Are 3D printed pills the future? We visited a London laboratory to find out.
Established by academics from University College London (UCL) in 2014, FabRx is a company seeking commercialize 3D printed medicines and devices. On the principle that everyone is different, the vision of 3D printed pills it to be able to provide more personal and specific care to patients in need.
Dr. Alvaro Goyanes is one of the four founding partners of FabRx and the company’s director of development. Dr. Goyanes invited 3D Printing Industry into the lab at UCL’s School of Pharmacy to find out more about the ongoing FabRx research.
Placebos and paracetamol
During a tour of the lab, Dr. Goyanes shows me the range of tablets the company have developed using their trademark Printlets technology. The pills are all 3D printed using the FFF method, and are made from the enterprises’ own filament.
The lab is equipped with a MakerBot and a four nozzle 3D printer that can print in multiple materials. Dr. Goyanes explains that within a 3D printed tablet,
The different layers could be different drugs, or one drug that is going to release fast in the stomach, and the same drug that is going to have a sustained release effect. […] So we can control how this is going to dissolve.
At this stage, 3D printed tablets from FabRx are either placebos or contain varying concentrations of paracetamol.
Treatment that comes in all shapes and sizes
Placebo Printlets are made from proven biocompatible excipients that dissolve in the body, and some are colored using the kind of food dye found in supermarkets. By contrast, 3D printed paracetamol tablets have currently only been used for pre-clinical trials.
The variety of placebo tablets also include different shapes that the lab has been experimenting with to see how people respond to them.
Dr. Goyanes explains the thinking behind the shapes,
For personalized medicine we always talk about how you can change the size, and in changing the size you adapt the dose of the formulations to the specific needs of each person. You can change the size, but you can also change the shape, so for example we are doing a study where we are trying all these crazy shapes.
Considering this unusual 3D printed structure of Printlets, human tests have so far had promising results. All 30 people asked to try the tablets were positive about the structure and the technology, showing preference only for particular colors or shapes. Full results of this study are due to be published later this year.
Making treatment personal
Moving away from the traditional mass-produced approach to medicines, Dr. Goyanes explains,
Our idea here is to get these printers into hospitals or pharmacies. We will supply the filaments, or the raw materials, and then the medical doctor, or the pharmacist will select the right dose for the patient, maybe combine different drugs, and just click the button, print and then this medication is given to the patient.

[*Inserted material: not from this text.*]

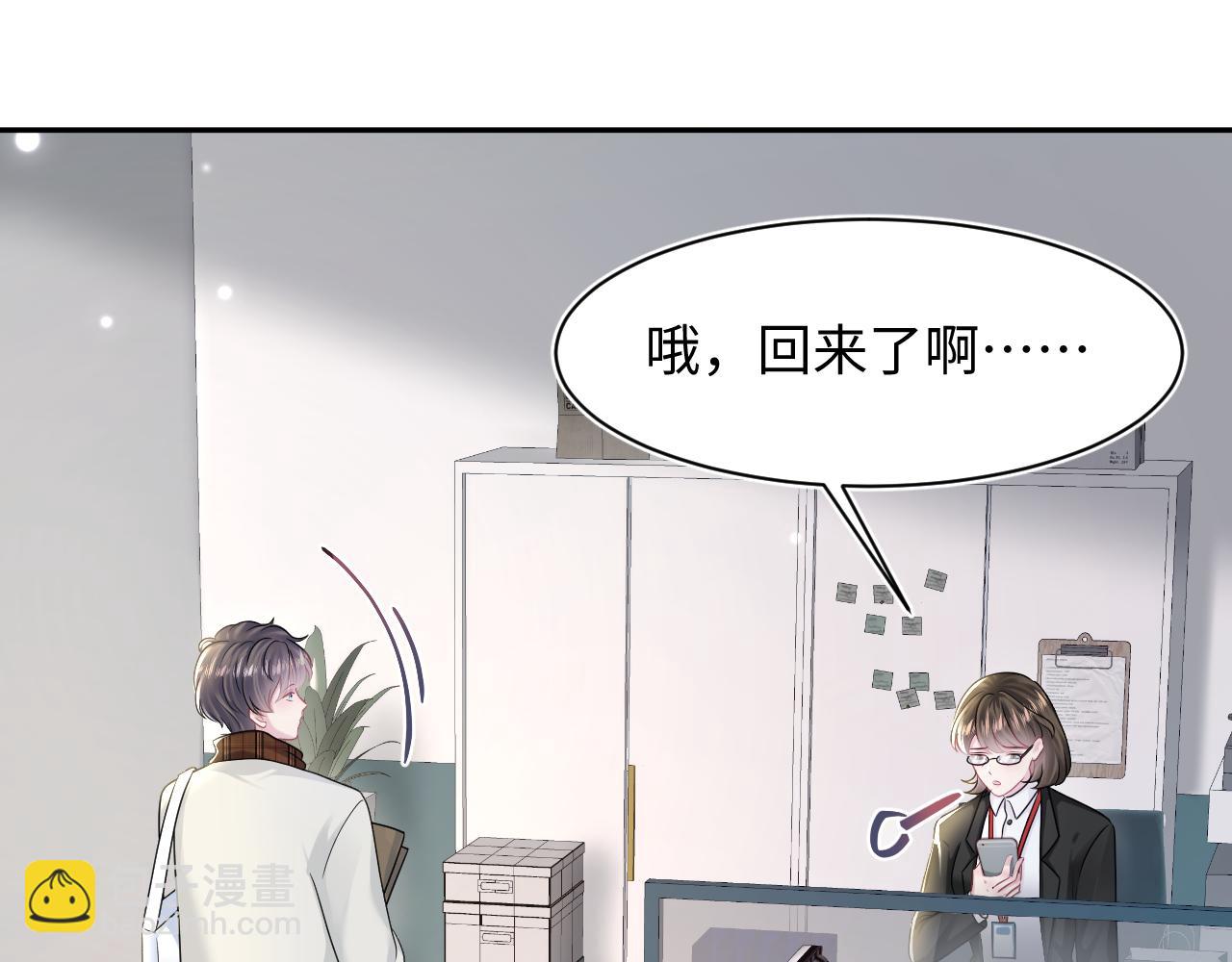 第155话 在意你10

He does add, however, that there is still some way to go. When asked about the main barriers to 3D printed tablets, Dr. Goyanes says “The technology is there already, it is just the regulations that we have to get through.”
Proximity to the 3D printed pill
3D Printing Industry saw more of the latest in 3D printed pharmaceuticals at 2017’s 3D Medical Expo in Maastricht. One alternate approach to 3D printed pills is through the use of inkjet 3D printing. An example of this process can be found in research from a group at the University of California in Los Angeles (UCLA) that, in February 2017, published findings on a promising 3D printable bioink.
Spritam, the first 3D printed tablet to be approved by the FDA also uses this technique, but it it still for mass production of medicine rather than the personalized approach.
Featured image shows spherical tablets 3D printed in two materials at FabRx. All photos featured in this article, unless otherwise stated, feature property of FabRx and were taken by Beau Jackson.